Whether you are a beginner or a seasoned triathlete, there are three concepts to being comfortable in the water. Here are three rules for every triathlete to help be a little more comfortable in the water...
Rule #1. Think like a kid. I know this seems cliché, but don't act like a fish out of water. There is an unbelievable amount of people who never learn how to swim when they are young. These people have a tendency, even with trainers and lessons, to be tense when they enter the water because they have fear instilled in the possibility of drowning. A tense body does not perform as well as a relaxed and comfortable body does. Swimming quickly requires the right combination of power, speed, and coordination of movements. This mechanical movement requires the body to be relaxed at a point in the motion so that it does not reach exhaustion as quickly. So if you are one of the tense ones, how do you learn to relax? Act like a kid, roll over on your back and float, kick softly, blow bubbles, anything that can bring you back to a calm state when you’re warming up for swim practice. These are helpful especially if you feel yourself reaching that tense point in training, or in the actual race. Relax and enjoy the freedom of the water!

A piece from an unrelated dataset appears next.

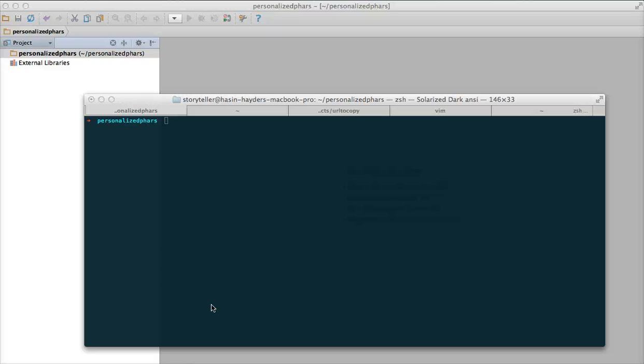Hey guys, welcome to this tutorial where I'm going to show you how to create PHAR files — and most importantly some personalized PHAR files that contain some data but are only usable after the user provides the correct password. For creating the PHAR files I'm going to use the Box project, which is available from box-project.org.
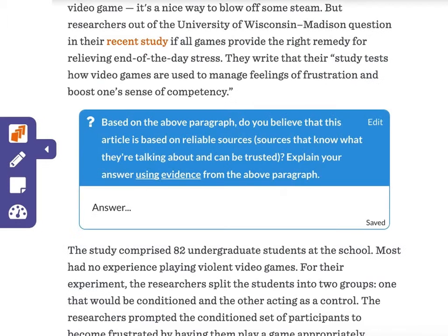For example, now that students have instant access to Google, it is even more important that we ask questions without an obvious answer — in other words, questions which encourage them to think deeply and critically. DozenEDU allows teachers to easily create and ask just such questions.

Rule #2. Learn to feel the water. One of the reasons that technique is so important in the sport of swimming is that water magnifies the physical forces that act on us in air. Drag and inertia are particularly important laws that must be considered. The power that we generate to increase swimming speed depends greatly on our body’s motion through the liquid. We have to attempt to feel the pressure of the water molecules with our fingers as our hand moves through it. This is a hard skill to teach because each one of us may have a different ability to sense the changes in pressure as we pull our hand/arm through the water. No matter what level of sensitivity one may have in the fingertips. Before you can swim fast, you must learn to: a. Feel the small changes and pressure on your hands in the water. b. Figure different angles and positions of your arms that directly affect your ability to move through the water. c. Measure your results and find out what feels best to you.
Rule #3. Don’t coach yourself. Swimming is a complex element of a triathlon, but if you apply yourself and get proper coaching from trainers, you will be well equipped for this event. More times than not, even if you can meet with a trainer once a week, that can be enough to correct bad habits. The other reason you need to be coached in swimming, is that most of us have poor spatial awareness. In other words, what we think we are doing with our arms and legs and what we are actually doing can be and often are very different. Getting video images of your stroke, particularly underwater, may be the only way you will be convinced that what you are doing is wrong. No funding for a trainer? Find a solid and intense training and dieting plan and stick to it. Have friends come in and video tape your routines and then evaluate your form. Spend a certain amount of time each week devoted to improving your swimming skills by playing in the water, doing sculling drills and getting some good coaching. Getting faster in the water is not just about jumping in and doing laps. In fact, it is far from it.
Apply these three concepts and your swimming abilities will improve, how much is up to you.